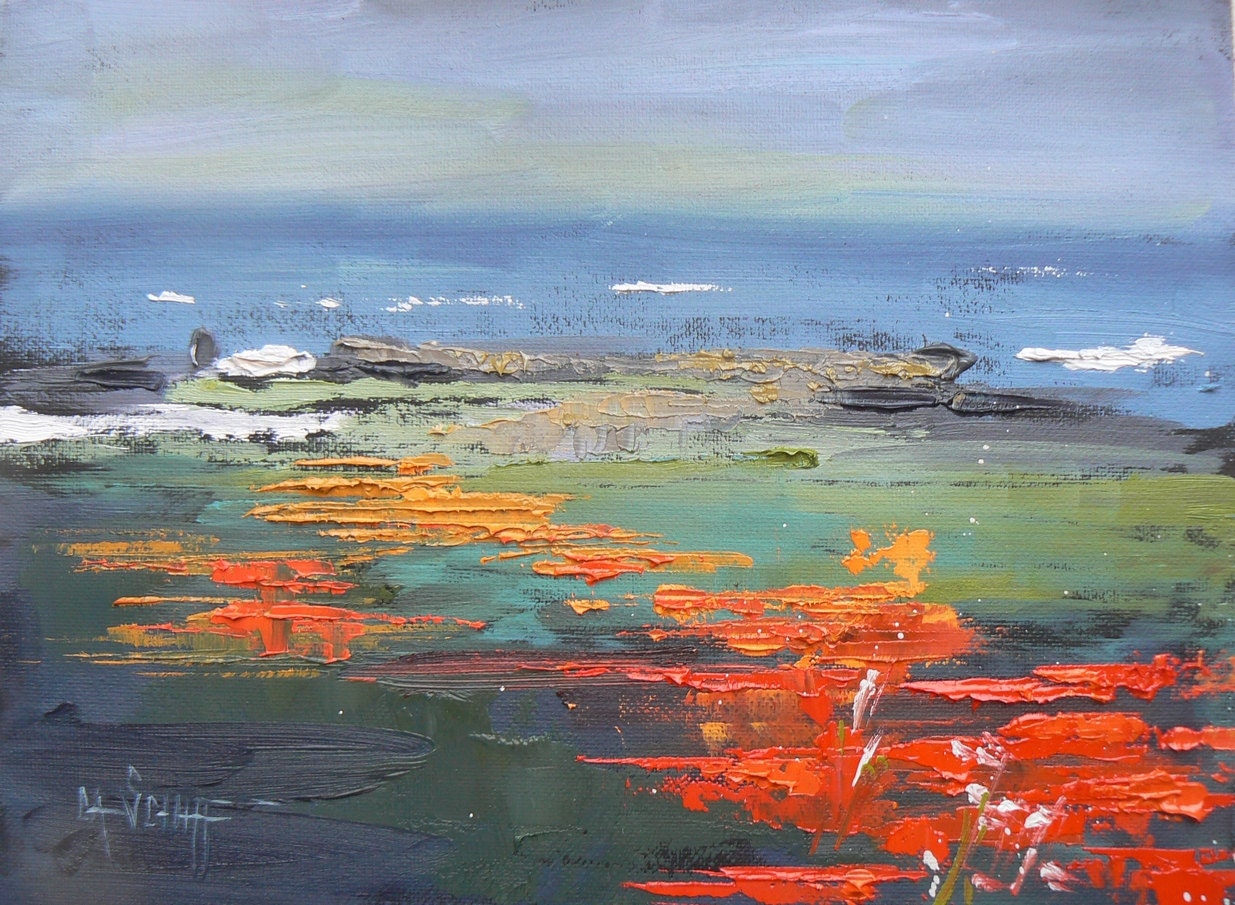 Daily Painting, Small Landscape, Original, "Coastal Wildflower" 6x8" Oil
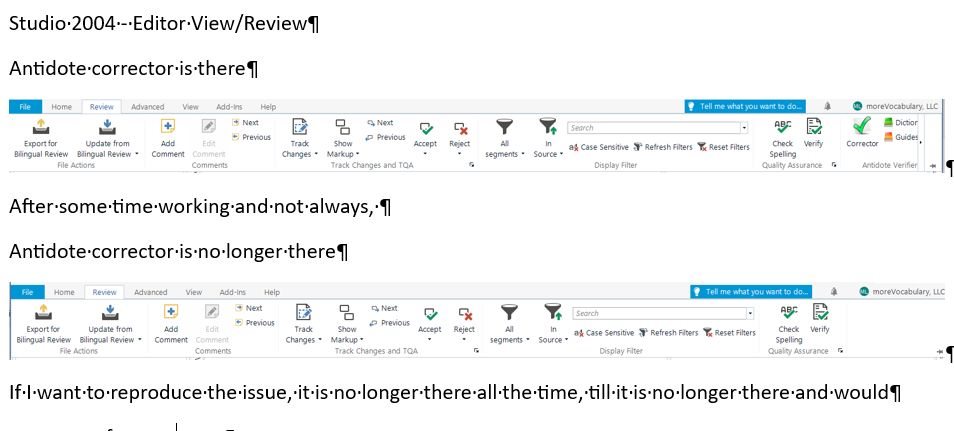 Screenshot of Trados Studio 2024 Editor with the Review tab open, showing the Antidote Verifier as available.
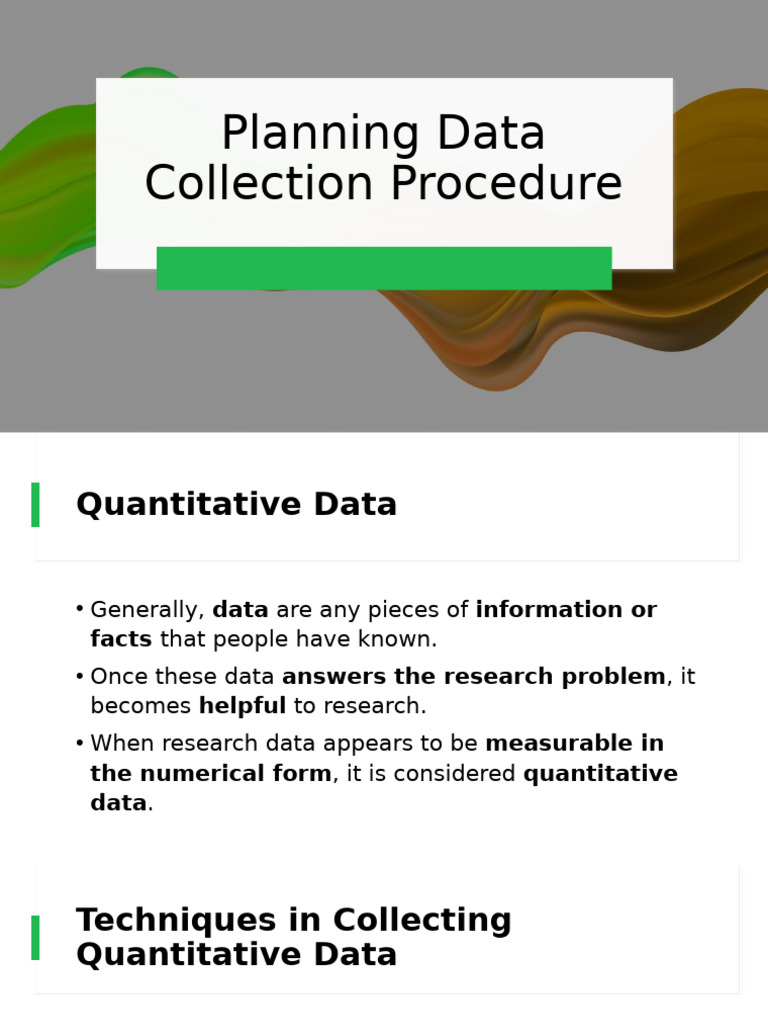 Planning Data Collection Procedure - EDIT | PDF | Survey Methodology ...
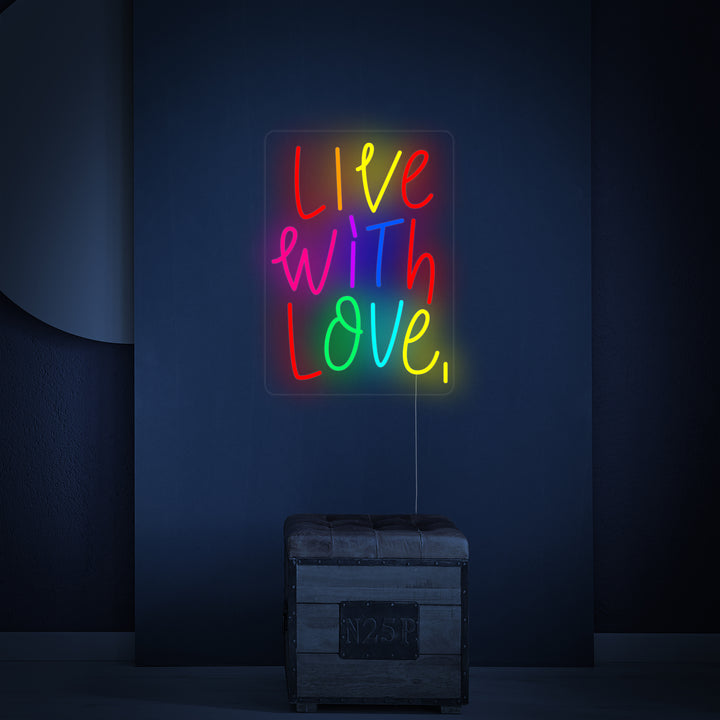 "Live With Love" Enseigne Lumineuse en Néon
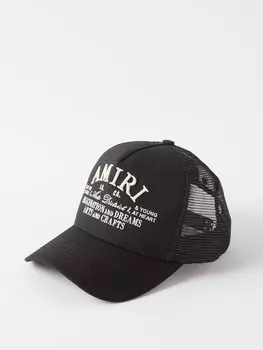 Кепка дальнобойщика из холщовой ткани с вышивкой arts district Amiri, черный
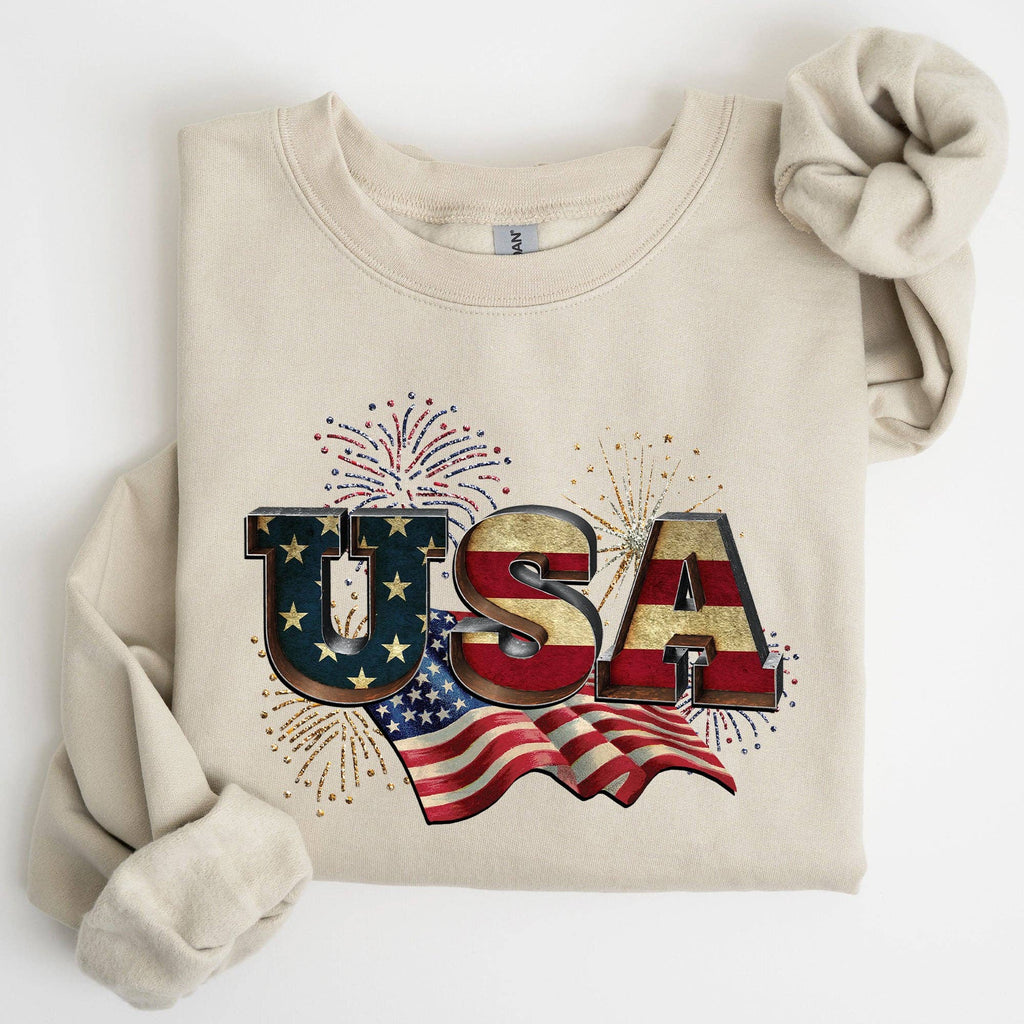 Retro USA, Patriotic, 4th of July - Adult & Kids T-Shirts, Sweatshirts & Hoodies apparel design preview 1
==========
(What to produce) Where a picture appears, skip it; repeat everything else in the data exactly.

(Solution for this problem)
 Daily Painting, Small Landscape, Original, "Coastal Wildflower" 6x8" Oil
 Screenshot of Trados Studio 2024 Editor with the Review tab open, showing the Antidote Verifier as available.
 Planning Data Collection Procedure - EDIT | PDF | Survey Methodology ...
 "Live With Love" Enseigne Lumineuse en Néon
 Кепка дальнобойщика из холщовой ткани с вышивкой arts district Amiri, черный
 Retro USA, Patriotic, 4th of July - Adult & Kids T-Shirts, Sweatshirts & Hoodies apparel design preview 1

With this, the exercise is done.